Activity:
From the data underneath, reproduce exactly the stretch that begins at the line with "vidaXL Dulap înalt, negru, 34x40x108,5" and ends after the line with "Luxe Blue Stripe".

Records from a data collection
· · · · · · ·

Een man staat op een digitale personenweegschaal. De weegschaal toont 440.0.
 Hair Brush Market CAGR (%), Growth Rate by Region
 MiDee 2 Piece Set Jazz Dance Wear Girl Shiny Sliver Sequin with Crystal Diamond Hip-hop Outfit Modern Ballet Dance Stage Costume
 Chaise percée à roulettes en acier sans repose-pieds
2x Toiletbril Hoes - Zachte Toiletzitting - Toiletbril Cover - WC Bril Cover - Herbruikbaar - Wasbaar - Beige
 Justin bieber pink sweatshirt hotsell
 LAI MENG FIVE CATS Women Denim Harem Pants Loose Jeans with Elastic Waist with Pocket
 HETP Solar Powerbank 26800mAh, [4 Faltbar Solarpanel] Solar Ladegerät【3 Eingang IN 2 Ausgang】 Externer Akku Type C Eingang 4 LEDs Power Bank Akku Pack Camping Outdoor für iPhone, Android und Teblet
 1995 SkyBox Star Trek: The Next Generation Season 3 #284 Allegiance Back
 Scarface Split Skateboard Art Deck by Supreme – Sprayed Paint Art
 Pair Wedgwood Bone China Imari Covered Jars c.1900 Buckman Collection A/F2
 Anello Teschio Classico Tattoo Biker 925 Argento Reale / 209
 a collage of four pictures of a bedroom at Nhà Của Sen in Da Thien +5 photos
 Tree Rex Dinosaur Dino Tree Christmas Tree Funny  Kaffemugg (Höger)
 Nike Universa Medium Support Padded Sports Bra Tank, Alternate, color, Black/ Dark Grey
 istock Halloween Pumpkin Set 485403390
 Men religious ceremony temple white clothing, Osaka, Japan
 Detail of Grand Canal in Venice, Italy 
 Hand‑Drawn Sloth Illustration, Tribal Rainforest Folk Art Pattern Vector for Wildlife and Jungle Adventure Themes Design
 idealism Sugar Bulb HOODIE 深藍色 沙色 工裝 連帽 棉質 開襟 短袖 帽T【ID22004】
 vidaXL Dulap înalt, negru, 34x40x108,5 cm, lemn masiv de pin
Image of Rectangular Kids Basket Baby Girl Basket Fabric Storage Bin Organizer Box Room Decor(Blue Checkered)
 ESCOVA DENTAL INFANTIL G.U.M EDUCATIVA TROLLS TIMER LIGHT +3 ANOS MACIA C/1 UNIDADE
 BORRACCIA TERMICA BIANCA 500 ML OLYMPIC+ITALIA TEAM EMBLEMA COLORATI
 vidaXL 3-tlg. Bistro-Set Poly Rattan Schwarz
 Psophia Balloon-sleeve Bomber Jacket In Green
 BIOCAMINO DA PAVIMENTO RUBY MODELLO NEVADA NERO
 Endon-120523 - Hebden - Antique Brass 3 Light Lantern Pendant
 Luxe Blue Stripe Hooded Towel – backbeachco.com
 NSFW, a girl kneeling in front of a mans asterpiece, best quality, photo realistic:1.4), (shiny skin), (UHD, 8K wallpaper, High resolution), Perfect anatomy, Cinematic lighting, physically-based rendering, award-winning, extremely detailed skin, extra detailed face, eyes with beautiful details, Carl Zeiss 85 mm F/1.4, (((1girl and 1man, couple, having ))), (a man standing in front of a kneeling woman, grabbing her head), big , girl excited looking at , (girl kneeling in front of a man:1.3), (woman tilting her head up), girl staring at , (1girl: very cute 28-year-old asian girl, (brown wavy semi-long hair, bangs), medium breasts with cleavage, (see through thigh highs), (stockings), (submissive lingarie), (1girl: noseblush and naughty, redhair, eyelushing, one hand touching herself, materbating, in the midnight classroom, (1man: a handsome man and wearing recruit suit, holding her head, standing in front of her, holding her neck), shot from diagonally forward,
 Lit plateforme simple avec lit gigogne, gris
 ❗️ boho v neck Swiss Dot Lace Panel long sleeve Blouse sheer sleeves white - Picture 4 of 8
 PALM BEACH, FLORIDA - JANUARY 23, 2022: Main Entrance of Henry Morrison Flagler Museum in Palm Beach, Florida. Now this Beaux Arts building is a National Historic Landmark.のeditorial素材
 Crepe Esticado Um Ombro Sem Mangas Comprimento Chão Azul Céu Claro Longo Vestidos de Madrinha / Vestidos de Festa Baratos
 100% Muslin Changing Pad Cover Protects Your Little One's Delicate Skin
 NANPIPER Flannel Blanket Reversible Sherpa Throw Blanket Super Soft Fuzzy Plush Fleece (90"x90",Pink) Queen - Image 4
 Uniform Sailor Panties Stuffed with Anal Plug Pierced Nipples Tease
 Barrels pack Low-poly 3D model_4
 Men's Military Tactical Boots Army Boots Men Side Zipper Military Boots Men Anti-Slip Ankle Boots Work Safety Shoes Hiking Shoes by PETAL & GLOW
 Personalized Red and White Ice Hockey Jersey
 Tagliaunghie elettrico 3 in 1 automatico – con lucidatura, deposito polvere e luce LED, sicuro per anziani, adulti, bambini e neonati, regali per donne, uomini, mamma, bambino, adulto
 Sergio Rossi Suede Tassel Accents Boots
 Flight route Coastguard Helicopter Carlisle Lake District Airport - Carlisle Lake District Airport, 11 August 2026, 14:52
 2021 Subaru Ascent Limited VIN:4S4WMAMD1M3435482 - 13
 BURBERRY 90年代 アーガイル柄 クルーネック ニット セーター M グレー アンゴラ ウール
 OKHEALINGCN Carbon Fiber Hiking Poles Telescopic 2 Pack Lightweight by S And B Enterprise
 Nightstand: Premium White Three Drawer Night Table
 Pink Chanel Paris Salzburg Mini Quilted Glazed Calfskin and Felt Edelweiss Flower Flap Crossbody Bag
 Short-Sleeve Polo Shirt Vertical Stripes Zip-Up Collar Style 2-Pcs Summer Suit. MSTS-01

· · · · · · ·

Written solution:
 vidaXL Dulap înalt, negru, 34x40x108,5 cm, lemn masiv de pin
Image of Rectangular Kids Basket Baby Girl Basket Fabric Storage Bin Organizer Box Room Decor(Blue Checkered)
 ESCOVA DENTAL INFANTIL G.U.M EDUCATIVA TROLLS TIMER LIGHT +3 ANOS MACIA C/1 UNIDADE
 BORRACCIA TERMICA BIANCA 500 ML OLYMPIC+ITALIA TEAM EMBLEMA COLORATI
 vidaXL 3-tlg. Bistro-Set Poly Rattan Schwarz
 Psophia Balloon-sleeve Bomber Jacket In Green
 BIOCAMINO DA PAVIMENTO RUBY MODELLO NEVADA NERO
 Endon-120523 - Hebden - Antique Brass 3 Light Lantern Pendant
 Luxe Blue Stripe Hooded Towel – backbeachco.com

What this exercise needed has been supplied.